Tobias Lindholm's A Hijacking has a documentary look and feel, but it's a narrative fictional riff on one of the most durable topics of them all: pirates and their victims. The Danish-owned freighter MZ Rozen is crossing the Indian Ocean a few days away from its destination, Mumbai, when suddenly a fishing boat appears in its wake and the ship is captured by Somali pirates who demand an impossible number of million dollars in ransom. The owners back in Copenhagen balk at that, and so the sweaty, terrified crew is stuck on a drifting ship in tropical latitudes with AK-47s in their faces, while the company negotiates with the trigger-happy pirates.

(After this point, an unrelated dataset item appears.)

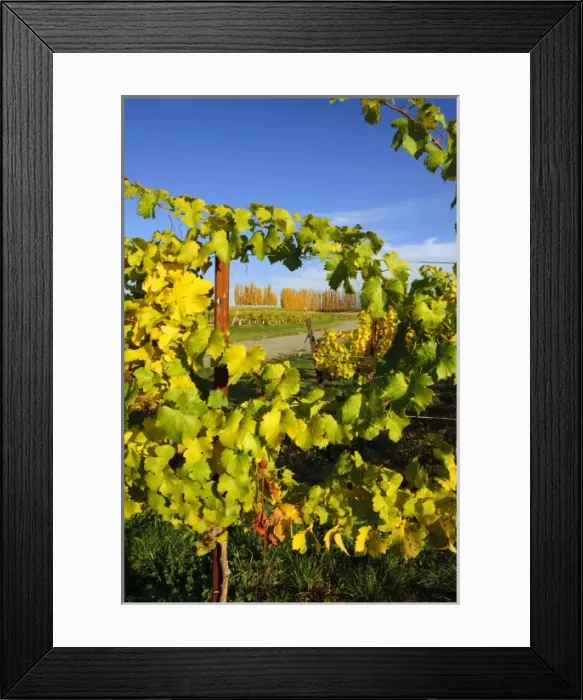 Framed Print : USA, North America, Washington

In most mainstream movies like this there would be a hero and female love interest on board, and their ordeal would only strengthen their connection to each other, if they can somehow live through it. No such luck on the Rozen. The central figure in the all-male crew is Mikkel (actor Pilou Asbæk), the congenially scruffy cook, through whose eyes we witness just what happens when he and his mates are forced to never leave a cramped cabin for any reason for more than a week.
Meanwhile Ludvigsen the CEO (Søren Malling), from his office in faraway Denmark, maintains a hard line in the negotiations with the pirates' liaison, Omar (Abdihakin Asgar). Not very much of a story arc here, but the reality is palpable and the tension does not slacken. At one point Mikkel is obliged to slaughter some goats on the deck after the galley's meat supply runs out. One small complaint: We don't see exactly how it happens that a small boat of pirates can board and overpower a large cargo vessel. (Maybe it's because the Rozen has a crew of only seven men, apparently none of them armed.)
This is only the second directorial effort from Danish writer-director Lindholm, whose previous movie was the prison picture R in 2010. Let's hope we see more of his work in the same matter-of-fact, ultra-realistic, no-frills, no-bombast, no-heroes mode as A Hijacking. It's a radical departure from any thriller in stateside theaters now.